Pas mon préféré de Susin Nielsen mais une vraie petite pièce de boucher comme on sait les apprécier. Et toujours cette dérision qui sert un chouette casting, chats inclus et aborde avec esprit de puissants sujets tels que le deuil, la culpabilité, le pardon, la maladie mentale…Un joli flow se dégage de cette lecture. Parmi les petits bonheurs on trouvera la « chat-bsession » de la mère de Pétula. Il y en a partout. Elle ne cesse d’en ramener et chacun d’entre eux sont prénommés d’après un héros de la littérature Gruffalo, Heidi, Stuart Little, Maman Moumine, Elmer. J’ai cru que toute la famille allait mourir étouffée par les kilos de litière mais l’auteur ne semble pas s’en être affolée alors j’imagine qu’ils se débrouillent plutôt pas mal avec les défécations félines. Et c’est un roman qui clairement nous montre une autre facette du scrapbooking.
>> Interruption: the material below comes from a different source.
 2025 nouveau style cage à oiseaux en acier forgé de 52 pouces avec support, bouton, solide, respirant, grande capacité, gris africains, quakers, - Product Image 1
Mention spéciale aux obsessions de Pétula puisque cette collection de morts idiotes est franchement drôle. Et s’il ne fallait mentionner qu’un défaut à ce livre : trop court ! Tout est donc obligé de se passer si vite : notamment l’histoire d’amour entre Pétula et Jacob, qui la rend un peu moins authentique. Rapide, certes, mais voyons-le sous cet angle : une histoire façon « court-métrage » qui nous offre l’essentiel, avec un vrai clap de fin.

« L’optimisme m’avait discrètement approchée par-derrière pour me mordre les fesses »

Les optimistes meurent en premier, Susin Nielsen, traduit par Valérie Le Plouhinec (Hélium)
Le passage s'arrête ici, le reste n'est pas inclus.